* **Data records**
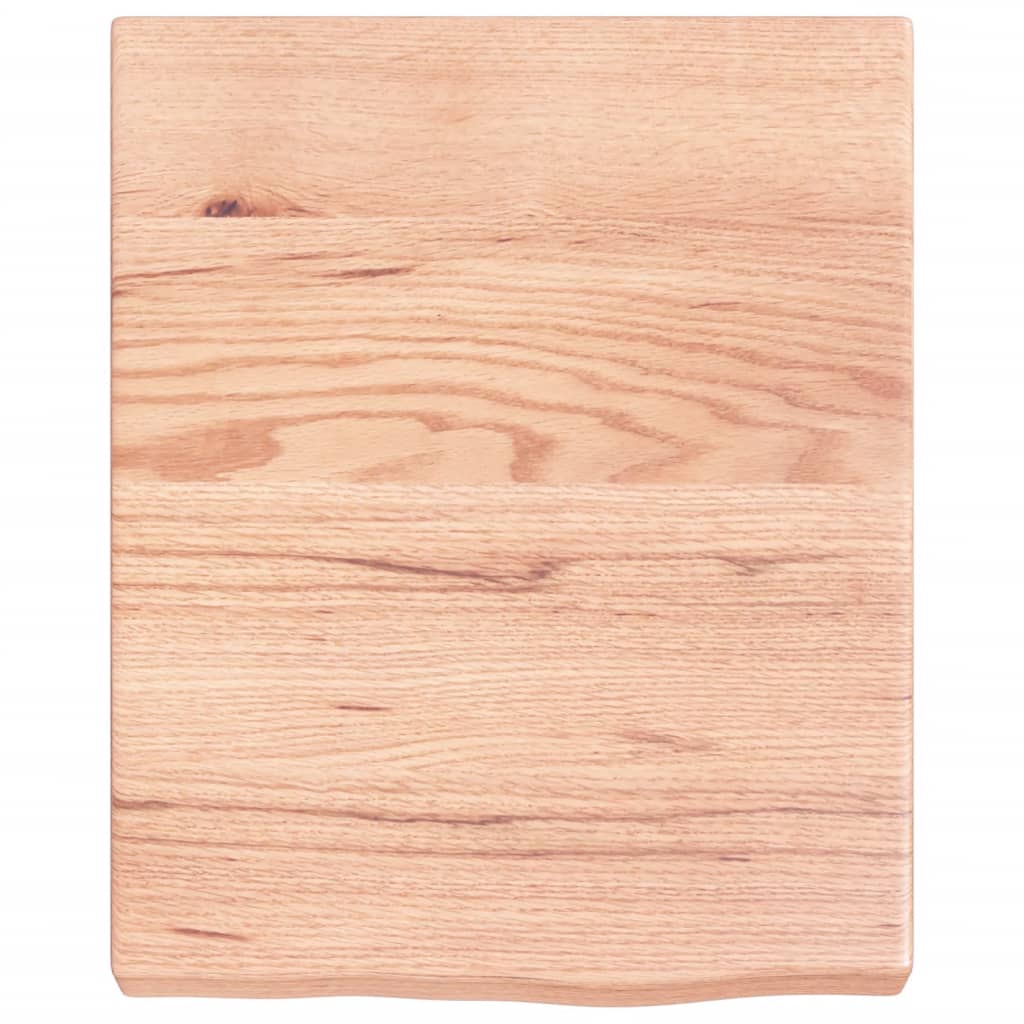 vidaXL Estante pared madera roble tratada marrón claro 40x50x(2-6) cm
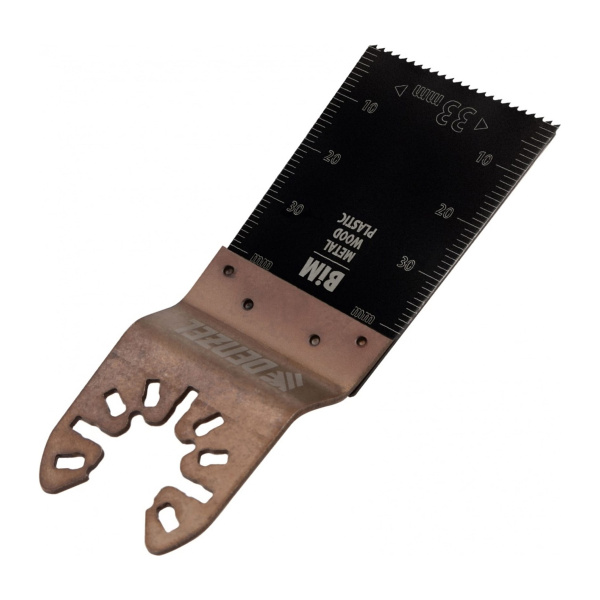 Насадка для МФИ режущая пазовая прямая, BiM, по металлу и дереву, 33 x 1,4 мм, мелкий зуб// Denzel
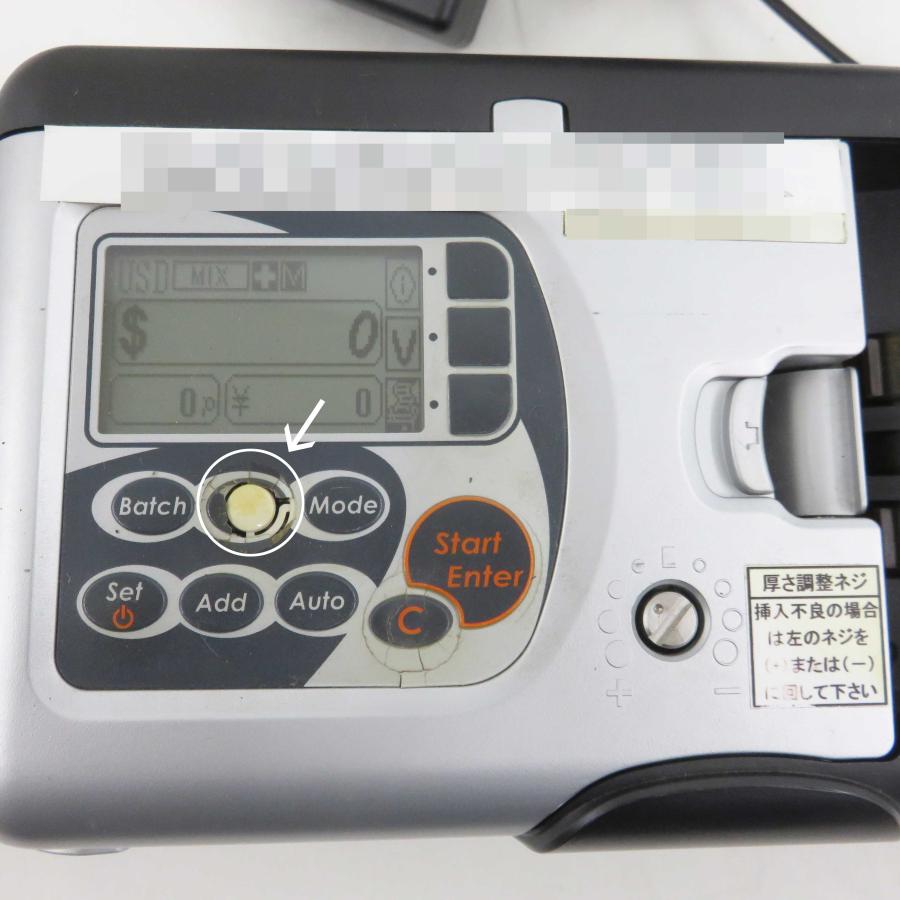 送料無料 ◇ 日本CDR 小型 紙幣鑑定機 NC1300 米ドル ユーロ 人民元 12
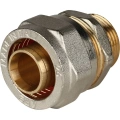 Переходник с наружной резьбой винтовой Stout 3/4x26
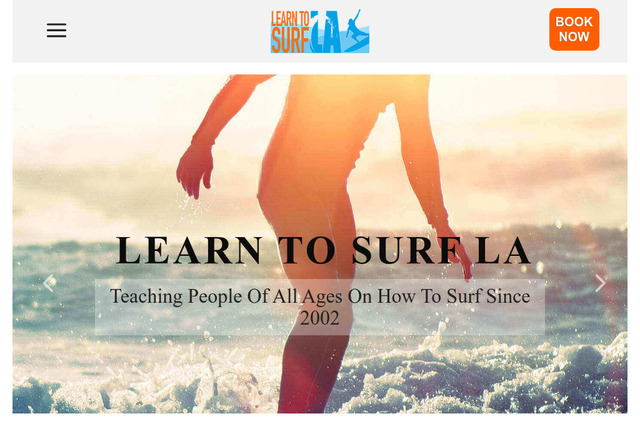 learntosurfla.com preview image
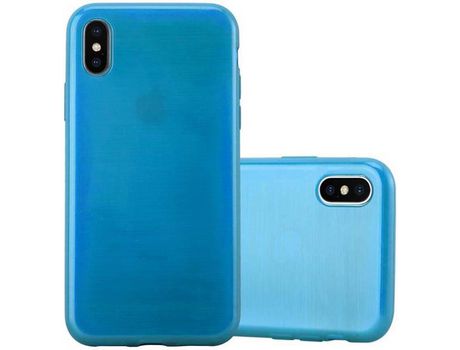 Carcasa para iPhone X / XS CADORABO Turquesa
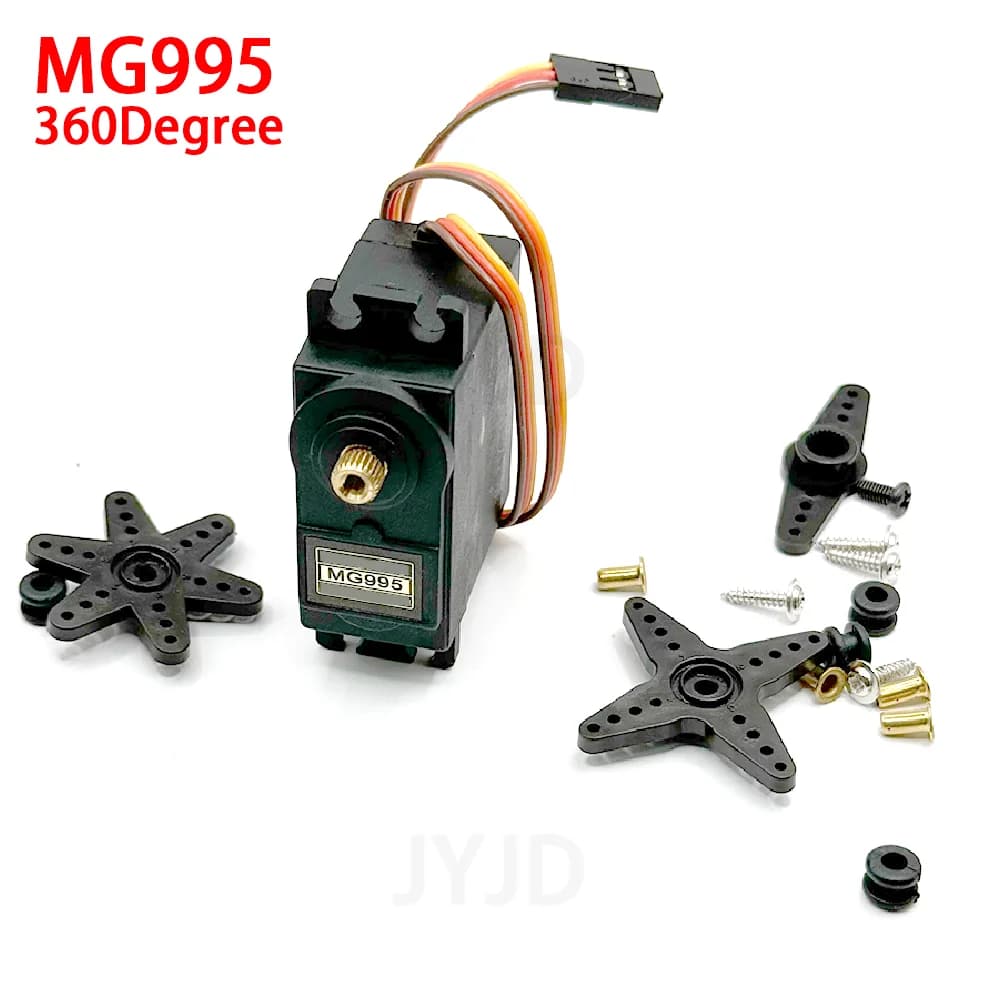 180 360 MG995 Arduino Metal Gear 995 RC Auto Servo Motore Coppia ad alta velocità Servomotore Giocattoli Camion Robot Elicottero Aereo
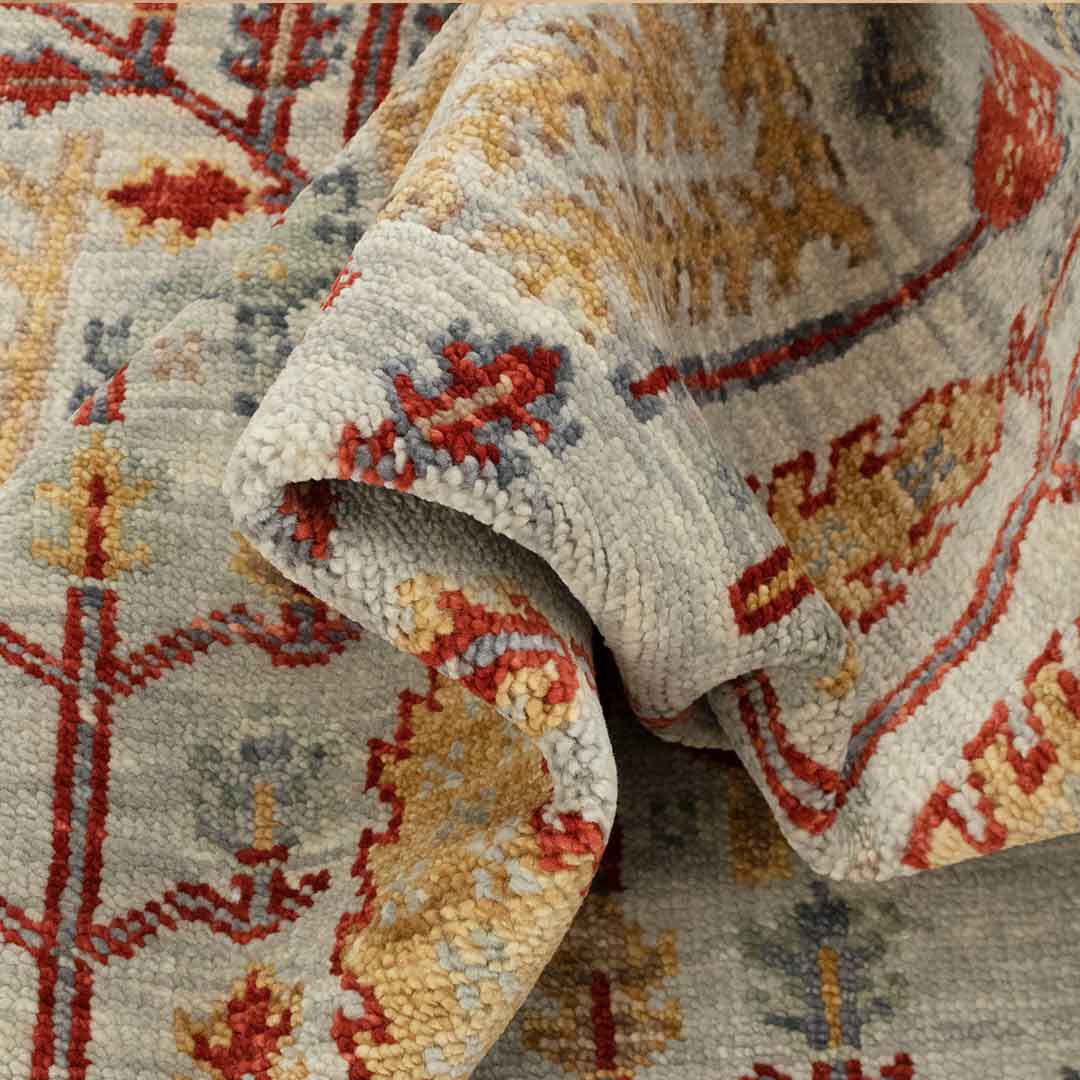 Premium Hand-Knotted Oushak inspired by Nature Rug: Timeless Beauty for Your Home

* **Exercise goal**
When you write out the data, keep every line exact and drop the pictures.

* **Result**
 vidaXL Estante pared madera roble tratada marrón claro 40x50x(2-6) cm
 Насадка для МФИ режущая пазовая прямая, BiM, по металлу и дереву, 33 x 1,4 мм, мелкий зуб// Denzel
 送料無料 ◇ 日本CDR 小型 紙幣鑑定機 NC1300 米ドル ユーロ 人民元 12
 Переходник с наружной резьбой винтовой Stout 3/4x26
 learntosurfla.com preview image
 Carcasa para iPhone X / XS CADORABO Turquesa
 180 360 MG995 Arduino Metal Gear 995 RC Auto Servo Motore Coppia ad alta velocità Servomotore Giocattoli Camion Robot Elicottero Aereo
 Premium Hand-Knotted Oushak inspired by Nature Rug: Timeless Beauty for Your Home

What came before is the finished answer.